Southeast Asian haze killed over 100,000
A SMOG outbreak in Southeast Asia last year may have caused over 100,000 premature deaths, according to a new study released yesterday that triggered calls for action to tackle the “killer haze”.
Researchers from Harvard and Columbia universities in the US estimated there were more than 90,000 early deaths in Indonesia in areas closest to haze-belching fires, and several thousand more in neighbouring Singapore and Malaysia.
The new estimate, reached using a complex analytical model, is far higher than the previous official death toll given by authorities of just 19 deaths in Indonesia.
“If nothing changes, this killer haze will carry on taking a terrible toll, year after year,” said Greenpeace Indonesia campaigner Yuyun Indradi.
“Failure to act immediately to stem the loss of life would be a crime.”
Indonesian authorities have previously insisted they are stepping up haze-fighting efforts by banning the granting of new land for palm oil plantations and establishing an agency to restore devastated peatlands.
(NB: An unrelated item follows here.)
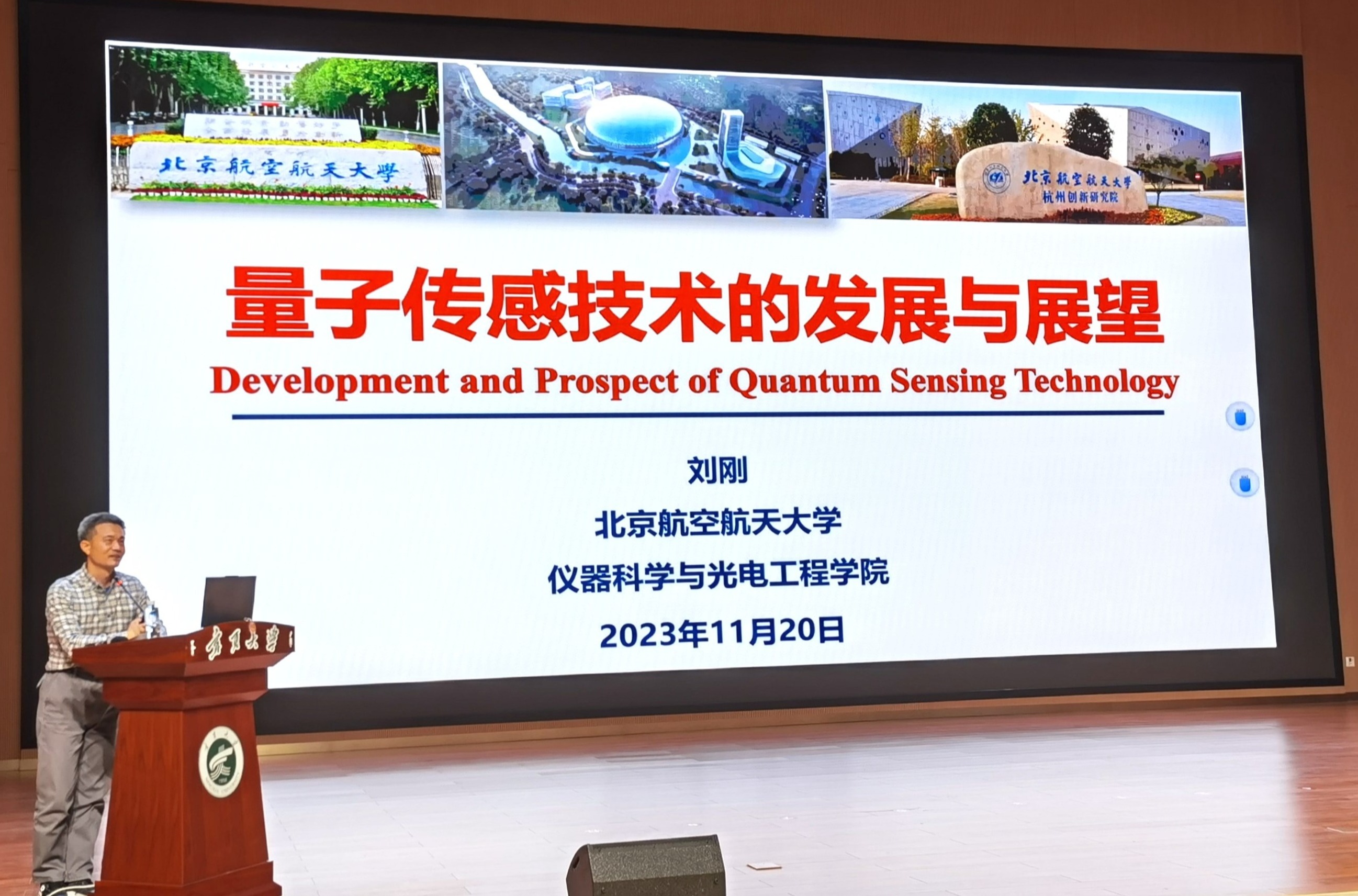 新澳六合彩内幕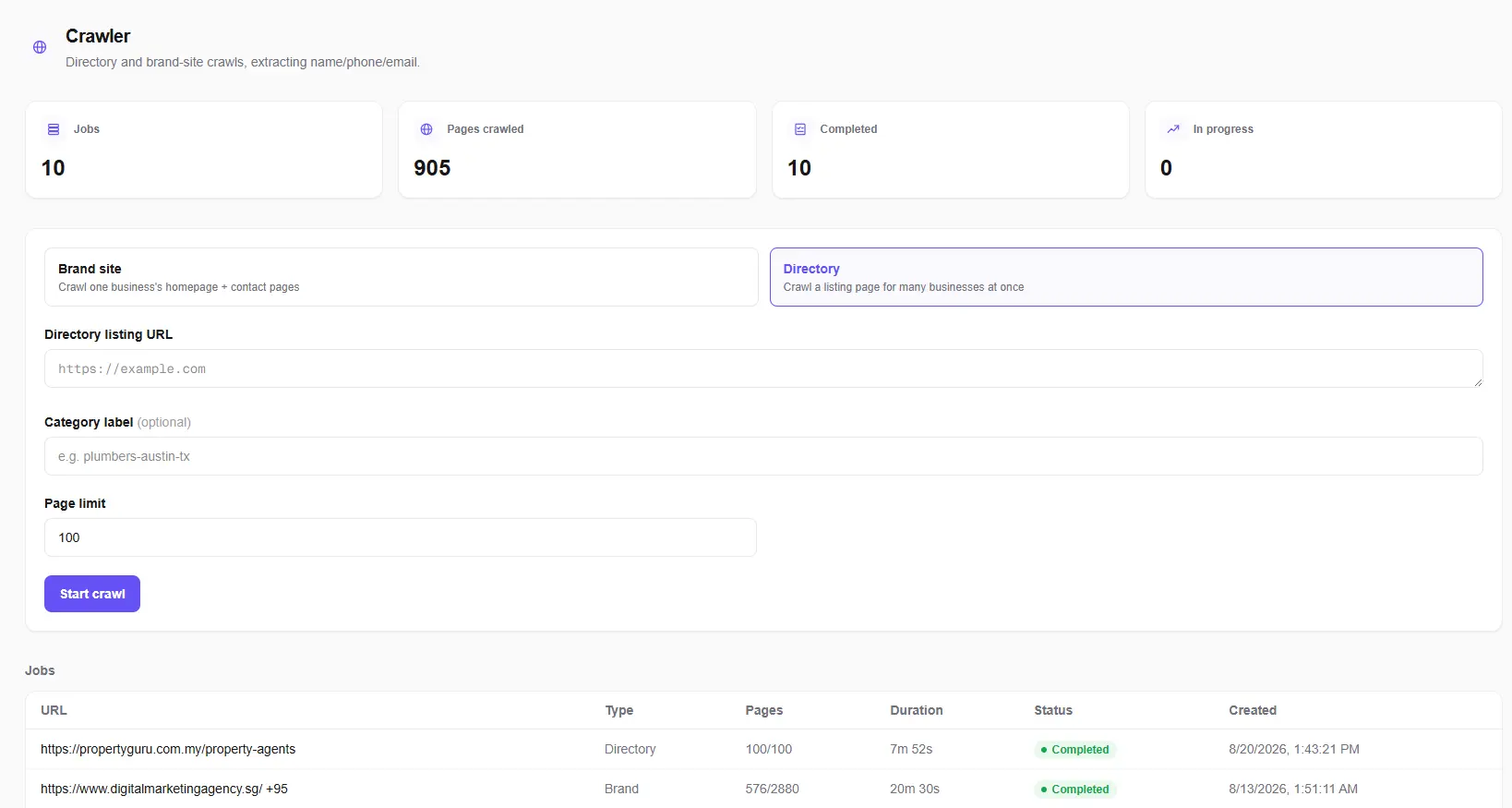 Radar Crawler screen set to crawl a directory listing page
The haze is an annual problem caused by fires set in forests and on carbon-rich peatland in Indonesia to quickly and cheaply clear land for palm oil and pulpwood plantations.
The blazes occur mainly on Indonesia’s western Sumatra island and the Indonesian part of Borneo, with monsoon winds typically blowing the haze over Singapore and Malaysia.
Last year’s fires were among the worst in memory and cloaked large parts of the region in choking smog for weeks, causing huge numbers to fall ill and sending diplomatic tensions soaring.
The new study combined satellite data with models of health impacts from smoke exposure and readings from pollution monitoring stations, and estimated that 100,300 had died prematurely due to last year’s fires across the three countries.
They estimated there were 91,600 deaths in Indonesia, 6500 in Malaysia and 2200 in Singapore.
Greenpeace hailed the “groundbreaking” study they said for the first time gave a detailed breakdown of deaths from last year’s fires, but cautioned that the figure was a “conservative estimate”.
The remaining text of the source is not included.